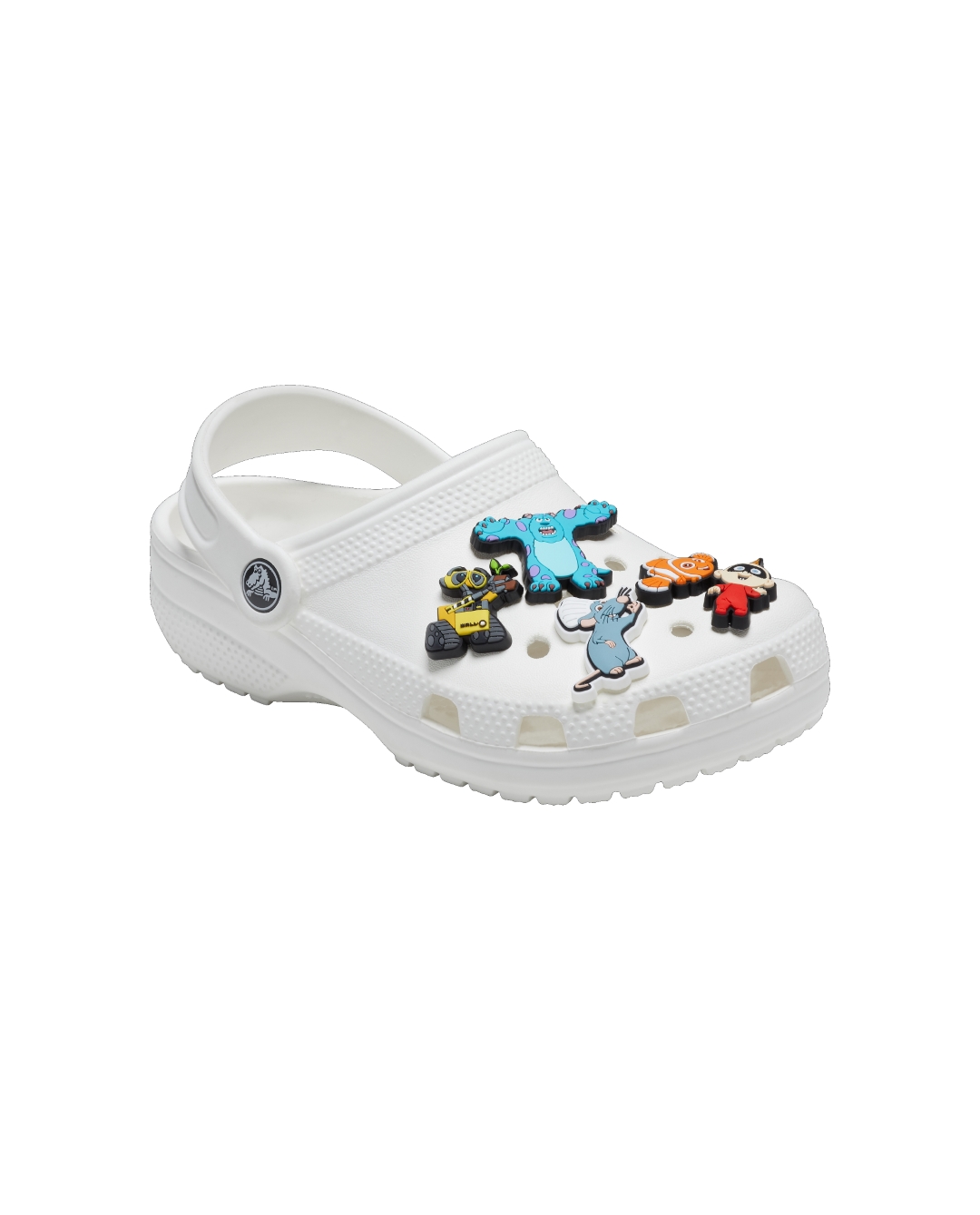 CROCS DISNEYS PIXAR 5 KLİP DƏSTİ
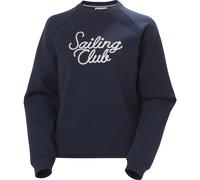 Helly Hansen W Capri Graphic Sweater navy (597) L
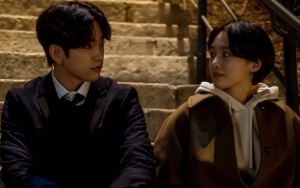 Terjebak Friendzone, Romansa Jinyoung GOT7 dan Park Gyu Young di 'The Devil Judge' Jadi Perbincangan
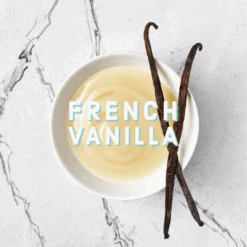 Brickhouse Single Serve Coffee, French Vanilla, 72 Count -Coffee Series Store french vanilla content 1 3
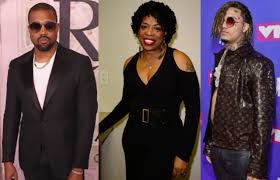 By kanye west, charlie sheen & elon musk). Adele Givens Explains Feature On Kanye West And Lil Pump S I Love It Vibe Com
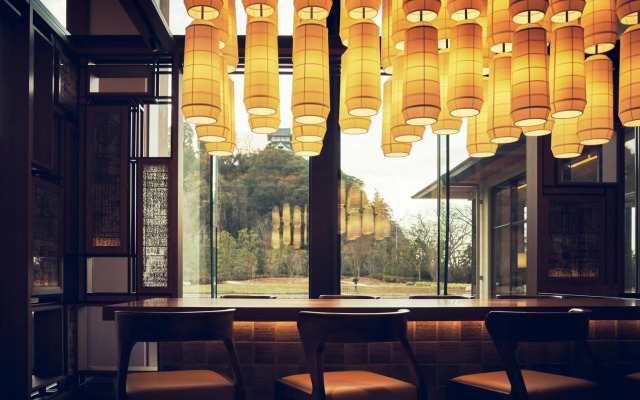 Hotel Indigo Inuyama Urakuen Garden by IHG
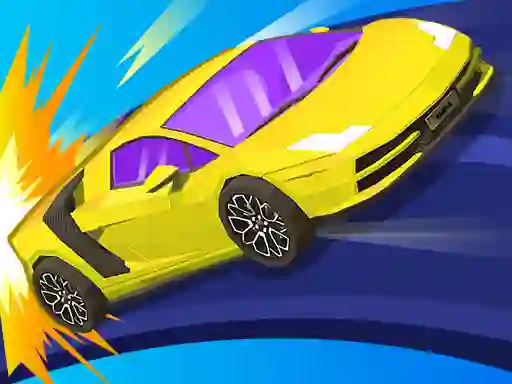 Joc Road Race 3D on-line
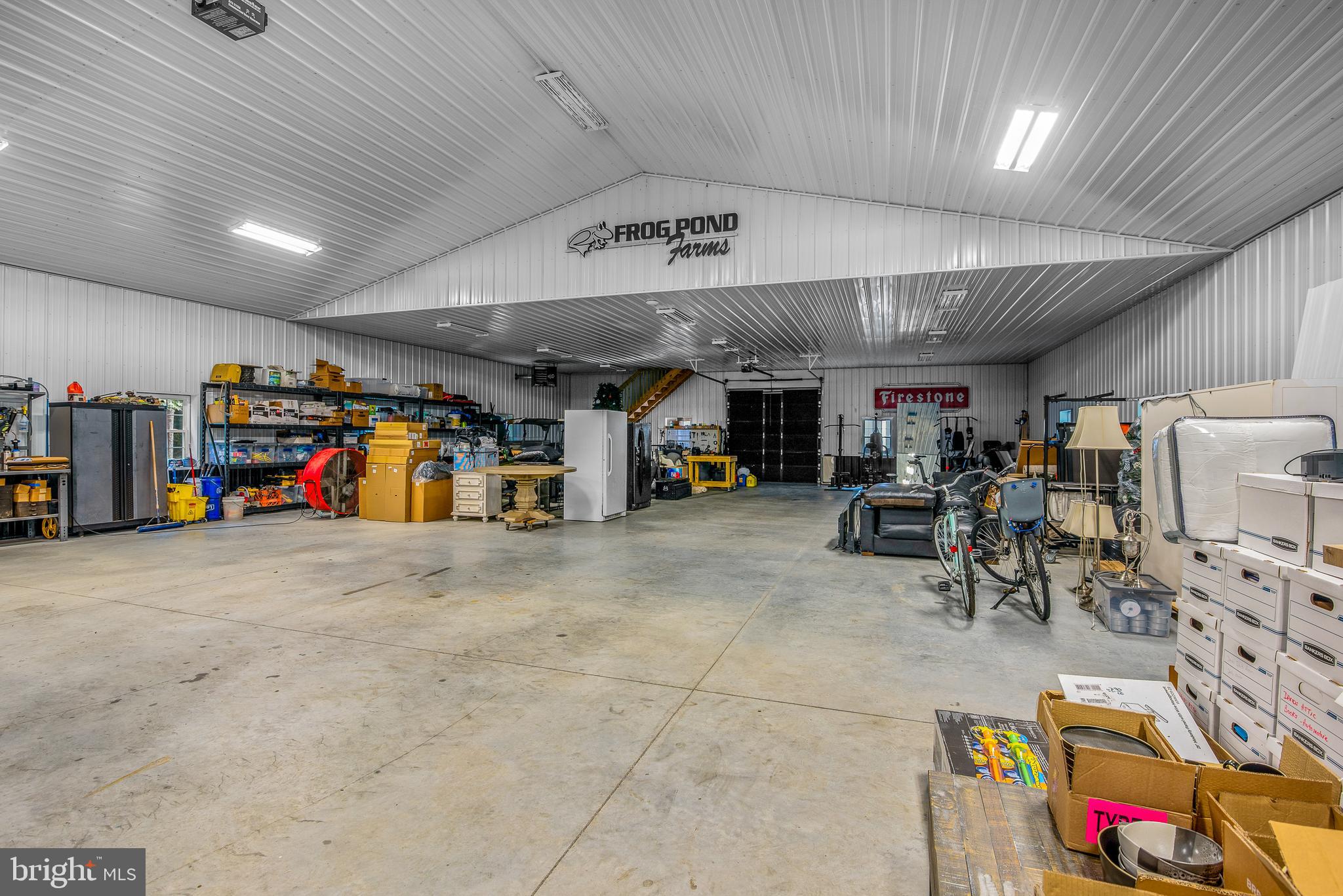 4218 Harmony Road Preston, MD 21655 - Photo 105 of 108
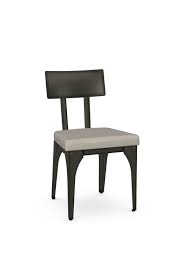 If you reside in the uk you can continue to order from our uk websites or shop from our locations and partners. White Metal Dining Chairs With Wood Seat Off 59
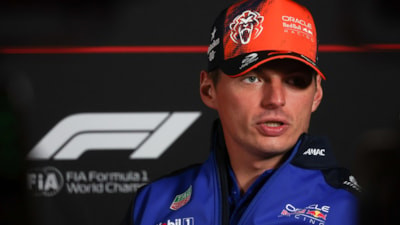 Formula 1 takımlarından Red Bull, Max Verstappen ile sözleşme yeniledi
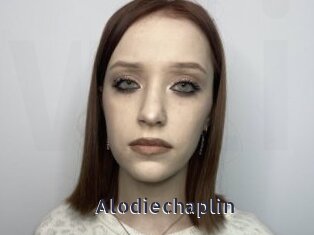 Alodiechaplin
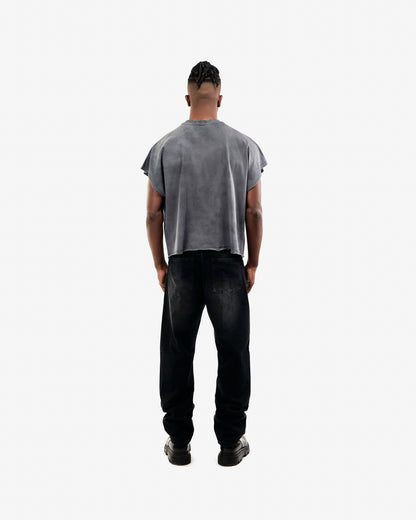 SWTS Mascot Tank – Boxy Fit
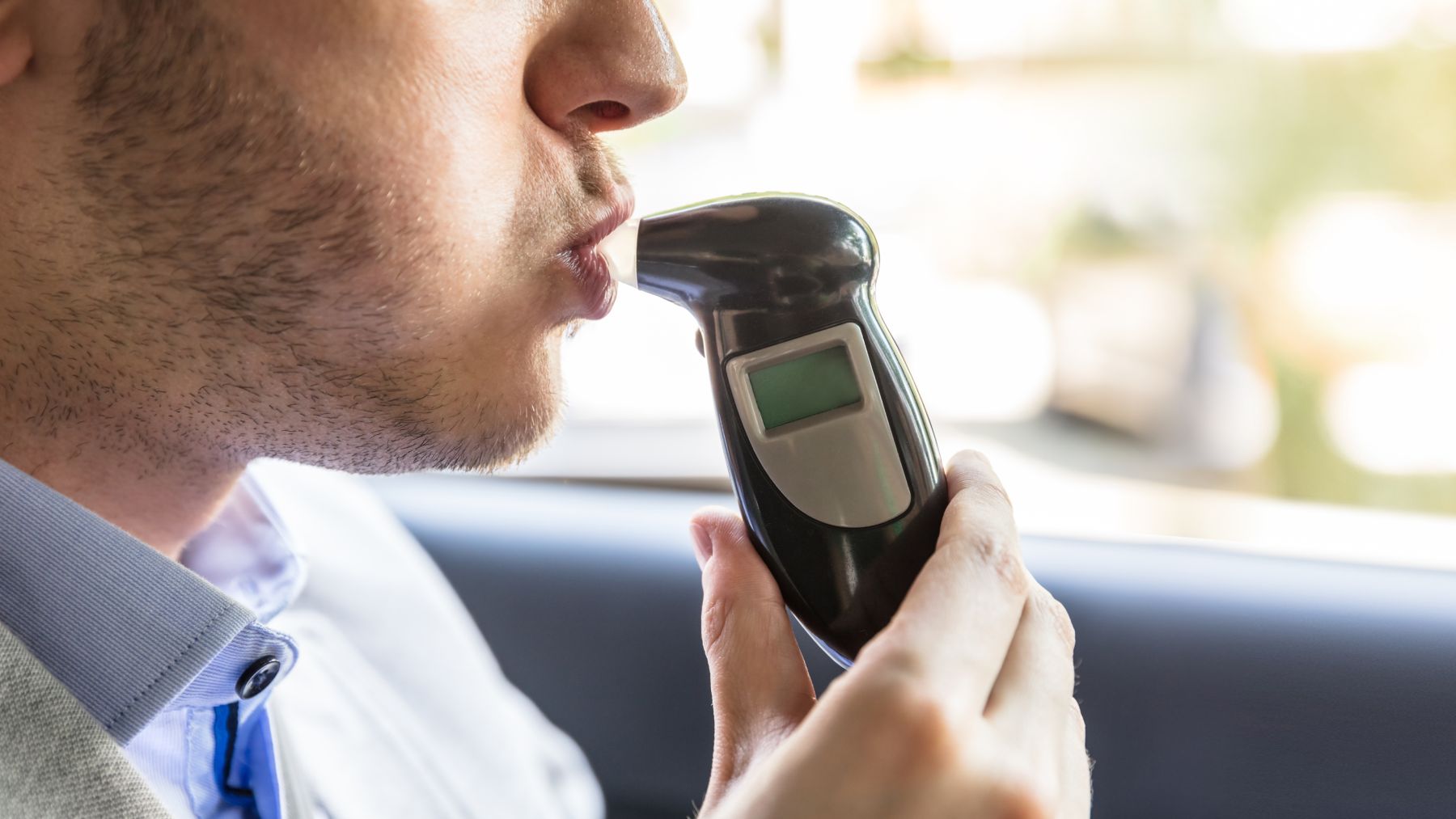 Goodbye to drunk driving - the system that already blocks your car if you've been drinking and could save hundreds of lives in Spain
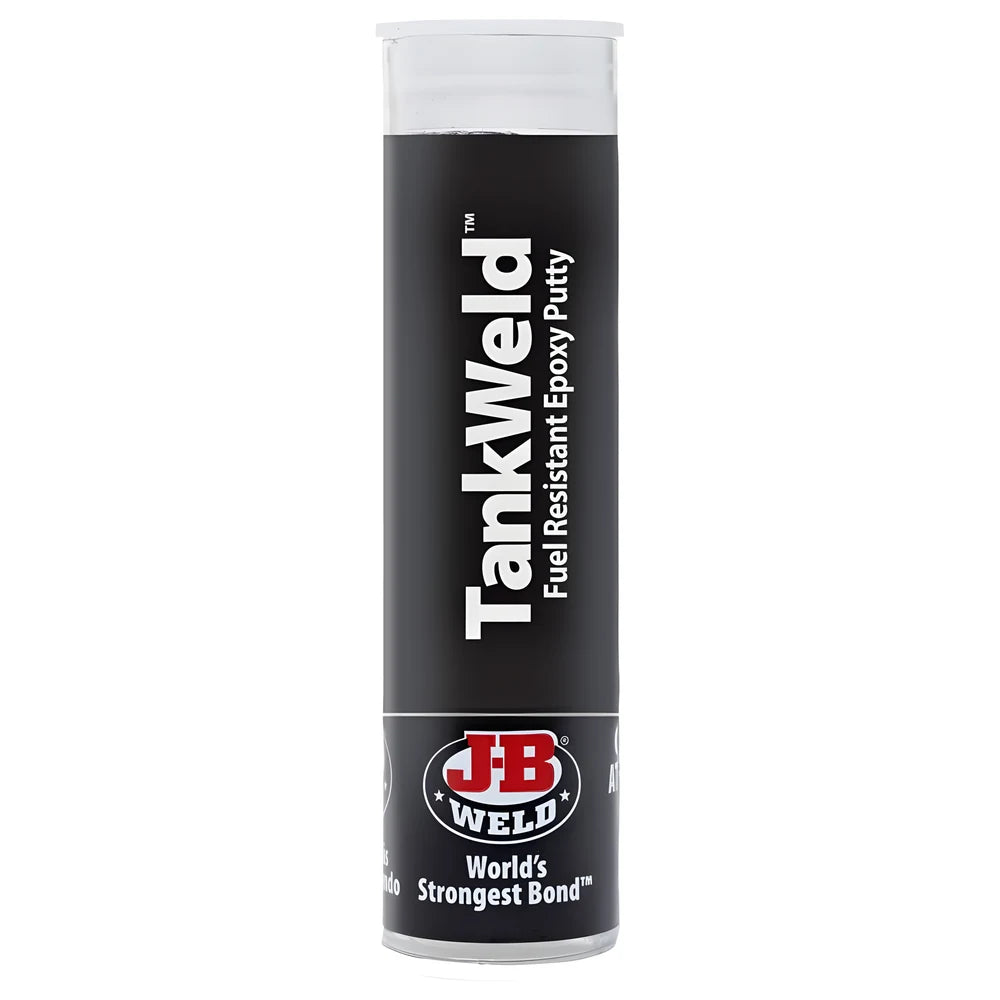 TankWeld Epoxy Putty 56.8g - J-B Weld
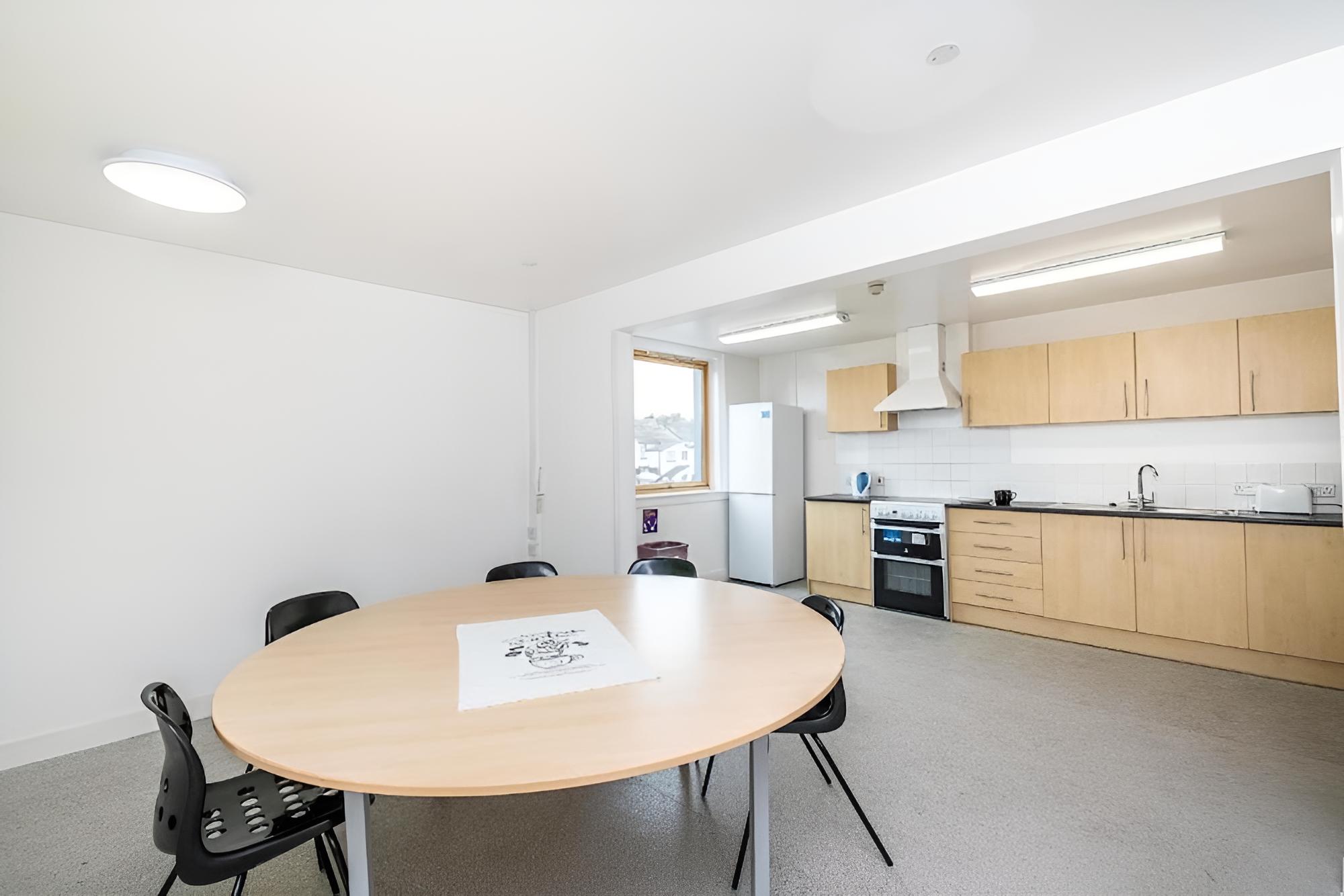 En Suite Rooms, GILLINGHAM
+ + +
- _PROBLEM TO WORK ON_: Without the pictures, transcribe the lines from the one containing "TankWeld Epoxy Putty 56.8g - J-B Weld" through the end of the data, exactly and only those.

- _RESPONSE TO THIS TASK_:
 TankWeld Epoxy Putty 56.8g - J-B Weld
 En Suite Rooms, GILLINGHAM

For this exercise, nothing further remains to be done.